Cross-Origin Resource Sharing (CORS) is a browser security mechanism. When JavaScript on https://myapp.com tries to fetch data from https://api.myapp.com, the browser blocks the request unless the API explicitly allows it.
The Same-Origin Policy
By default, browsers only allow requests to the same origin (protocol + domain + port).
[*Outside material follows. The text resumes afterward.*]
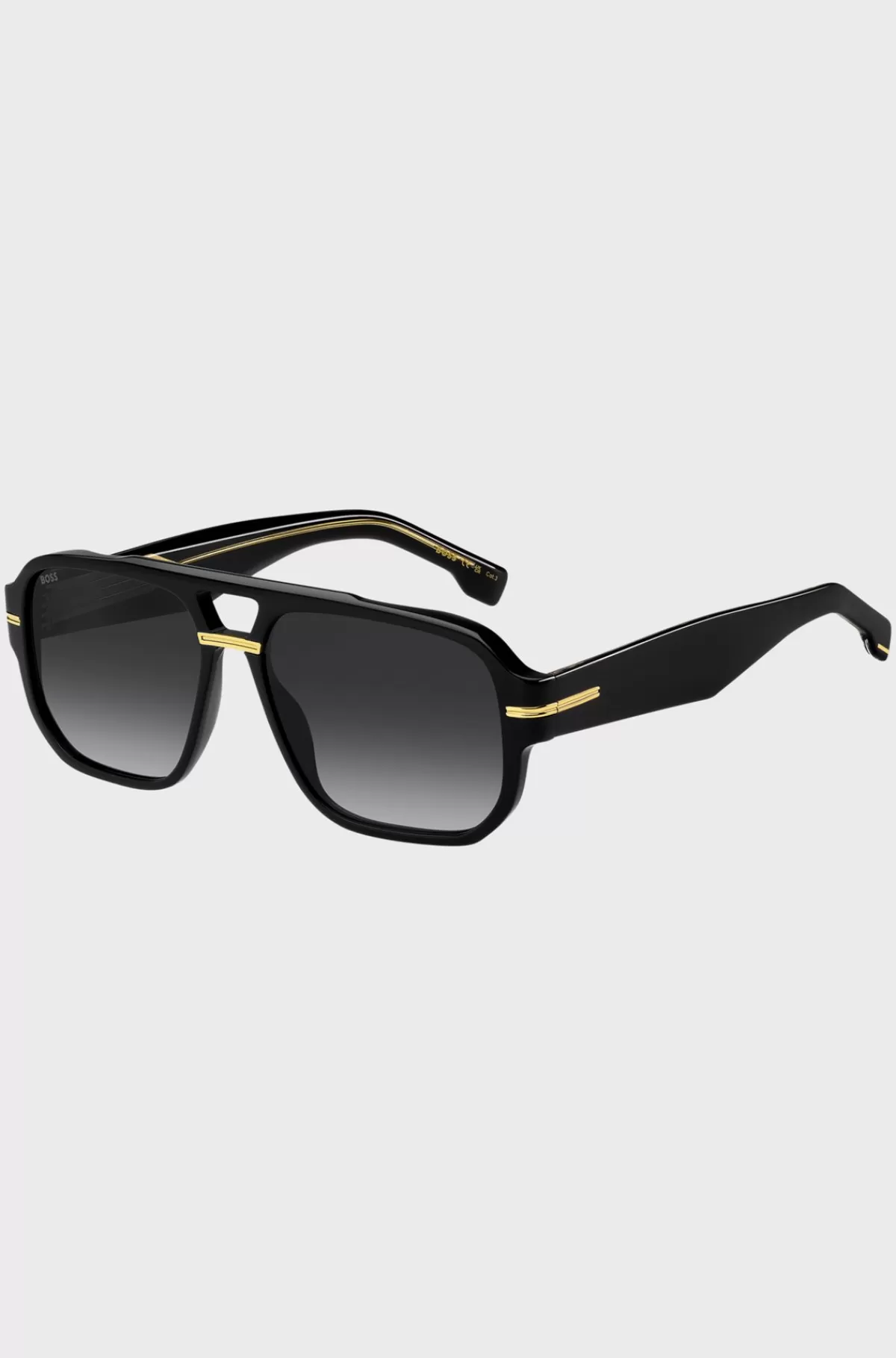 HUGO BOSS Solbriller I Acetat Med Guldfarvede Detaljer Sort Flash Sale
A request from https://myapp.com to https://api.myapp.com is cross-origin because the domains differ.
How CORS Works
- The browser sends a preflight request (OPTIONS) before the actual request
- The server responds with CORS headers indicating what is allowed
- If the headers permit the request, the browser sends the actual request
- If not, the browser blocks it and you see a CORS error in the console
Browser API Server
| |
| OPTIONS /data (preflight) |
| Origin: https://myapp.com |
| Access-Control-Request-Method: POST |
| ------------------------------------>|
| |
| 204 No Content |
| Access-Control-Allow-Origin: |
| https://myapp.com |
| Access-Control-Allow-Methods: |
| GET, POST, PUT, DELETE |
| Access-Control-Allow-Headers: |
| Content-Type, Authorization |
| <------------------------------------|
| |
| POST /data (actual request) |
| ------------------------------------>|
| 200 OK |
| <------------------------------------|
Configuring CORS in FastAPI
from fastapi import FastAPI
from fastapi.middleware.cors import CORSMiddleware
app = FastAPI()
# Development: allow all origins
app.add_middleware(
CORSMiddleware,
allow_origins=["*"], # Allow all domains
allow_credentials=True,
allow_methods=["*"], # Allow all HTTP methods
allow_headers=["*"], # Allow all headers
)
# Production: allow specific origins only
app.add_middleware(
CORSMiddleware,
allow_origins=[
"https://myapp.com",
"https://www.myapp.com",
],
allow_credentials=True,
allow_methods=["GET", "POST", "PUT", "DELETE"],
allow_headers=["Authorization", "Content-Type"],
)
Wildcard origins with allow_credentials=True is a security risk. Always specify exact origins in production. If you need credentials (cookies, auth headers), the browser requires specific origins — it will not accept *.
REST API Conventions
REST (Representational State Transfer) is a set of conventions for designing APIs. Following REST makes your API intuitive and predictable.
Resource-Based URLs
GET /api/v1/users → List all users
GET /api/v1/users/42 → Get user 42
POST /api/v1/users → Create a new user
PUT /api/v1/users/42 → Replace user 42 entirely
PATCH /api/v1/users/42 → Update user 42 partially
DELETE /api/v1/users/42 → Delete user 42
GET /api/v1/users/42/orders → List orders for user 42
POST /api/v1/users/42/orders → Create order for user 42
HTTP Status Codes
Use the correct status code to communicate the result:
| Code | Meaning | When to Use |
|---|---|---|
| 200 | OK | Successful GET, PUT, PATCH |
| 201 | Created | Successful POST (resource created) |
| 204 | No Content | Successful DELETE |
| 400 | Bad Request | Invalid input, missing fields |
| 401 | Unauthorized | Missing or invalid authentication |
| 403 | Forbidden | Authenticated but not authorized |
| 404 | Not Found | Resource does not exist |
| 409 | Conflict | Duplicate resource |
| 422 | Unprocessable Entity | Validation error |
| 429 | Too Many Requests | Rate limit exceeded |
| 500 | Internal Server Error | Unexpected server failure |
Pagination Pattern
from fastapi import FastAPI, Query
from typing import Optional
app = FastAPI()
@app.get("/api/v1/items")
def list_items(
page: int = Query(1, ge=1),
per_page: int = Query(20, ge=1, le=100),
search: Optional[str] = None,
):
# Calculate offset
offset = (page - 1) * per_page
# Query database
items = get_items(offset=offset, limit=per_page, search=search)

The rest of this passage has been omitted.